Experience of the Picture Book

2010 January 30
by Martyn Smith

from The Paperboy by Dav Pilkey

As I read through picture books with my daughter I stumble across images and concepts that are part of past worlds. Sometimes these are attitudes about family or women. Some of these I need to put down or gently “disappear” because their world is so far from my world. More interesting are the ones that portray an aspect of material or social culture that’s gone.. or on the way to being gone. I was a paperboy through much of the 80s, so it was fun to find the picture book entitled The Paperboy (1996).

When I see the above picture lots of memories come back.. though I never had a dog to hold the bag for me! But I read this with my daughter, and I have no idea how to talk to her about a paperboy. I tell her that I used to be a paperboy, like this boy.. and that strikes some interest. But who is this person? What’s a newspaper? There’s nobody that corresponds to this position, and I don’t buy a newspaper as I get my news online. I can hardly tell her that someday she can deliver newspapers, yet when I was growing up this was one of the best ways for a kid to get some spending money. It was such a visible and widely noted position that there was an arcade game about the travails of being a paperboy.

Other books run into the same issue, though perhaps in a more fruitful way. I read Corduroy (1968) by Dan Freeman several times each week. I am in the process of getting attached to the little bear who’s “always wanted” to do so many things. While this book is a classic, the world it portrays is leaving us. Remember how Corduroy steps on the escalator and is taken upstairs until he arrives here:

scene from Corduroy by Don Freeman

Corduroy is impressed: “This must be a palace” he says. In fact it’s not a palace, but a department store. I remember the tail end of the era of department stores. They still exist to some degree in Macys and other stores, but they are no longer the cultural touchstones that everyone knows and that children will remember so clearly. This older experience of shopping has been replaced by WalMarts and more specialized discount stores. Even the large department stores that remain feature a very different version of shopping than is evident throughout Corduroy, such as the following scene with the pertly dressed woman offering a box for the bear:

scene from Corduroy by Don Freeman

Literature of all kinds can be thought of like amber.. beautiful in itself, but important to us for perfectly preserving the social values that fell within the representational purview of an author. Sometimes the world captured by a book completely disappears, and in that case the book falls by the wayside. I like The Paperboy, but I probably wouldn’t buy it for my daughter. A book like Corduroy might actually have the imaginative strength to form our views of shopping. By which I mean that if one really looks at Corduroy, it’s quite strange.. but it nevertheless comes to define our current experience. That ability to define the present is perhaps the very definition of “classic.”

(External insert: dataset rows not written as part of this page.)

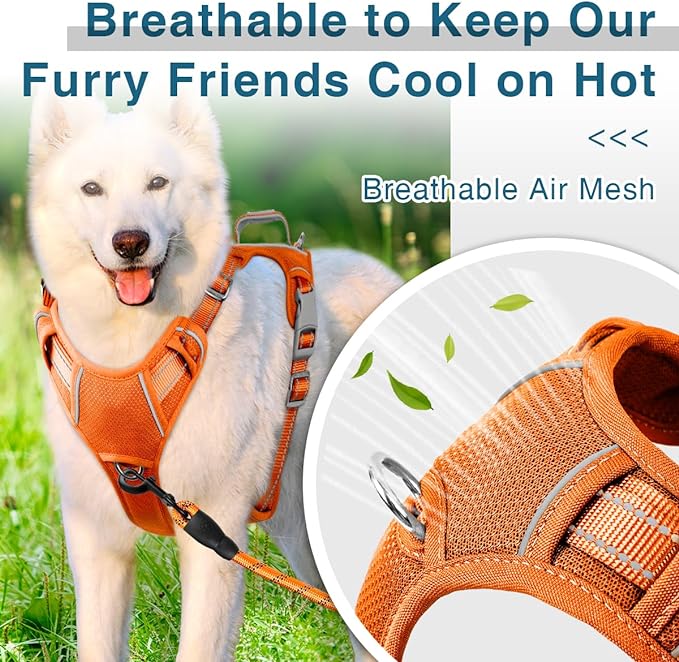 BARKBAY Dog Harness No Pull with ID Tag Pocket - Heavy Duty, Reflective, Easy Control for Large Dogs (Orange,XL)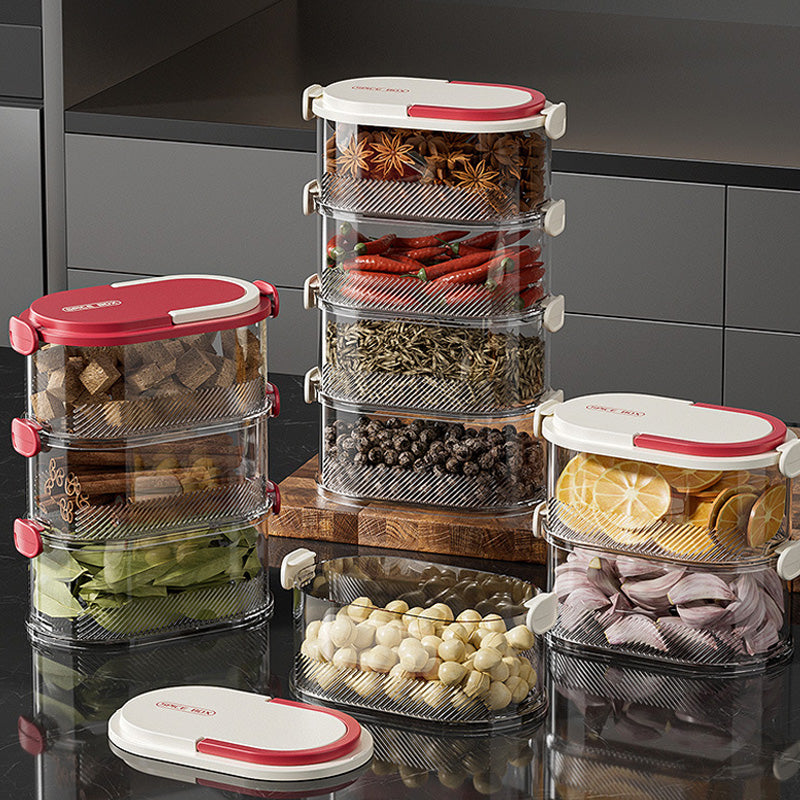 NOW! Multi-layer Sealed Spice Organizer – Airtight, Space-Saving & Transparent for Easy Kitchen Storage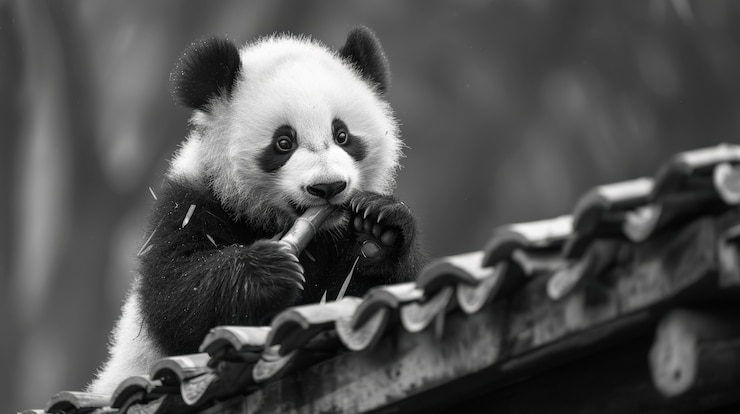 Foto gratuito retrato del oso panda en blanco y negro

Just to expand a little on the idea of the picture book, it gives an aesthetic experience that is unlike most anything else in contemporary America. There’s too few things in American culture that we sit through twice. Plot drives most of our movies and books.. not to mention sporting events. It’s always the roller coaster ride of narrative that carries us through a work.. and when we finish we climb aboard the next ride. And we like long rides. With a picture book the narrative is aimed at a child, and so it is structured and aims at a certain timelessness. The interest is carried along by the beauty of the art itself, and the art is so often gorgeous. These are books that are wonderful to come back to.

What would it mean to make adult books that function like a picture book? The product itself would be a pleasure to hold and feel. The words would not strive for maximum tension on first read, but rather aim for some kind of wisdom. The images would command interest by their beauty. It would be a book that grown ups could re-read for pleasure.. coming back to as often as a storybook for a child. They would differ from picture books for children in their willingness to meditate on life’s contradictions and uncertainties. They would be a constant reminder of our humanity and that of others beyond our own cultural sphere. That’s the kind of book I would love to buy and sit with before I turn in to bed..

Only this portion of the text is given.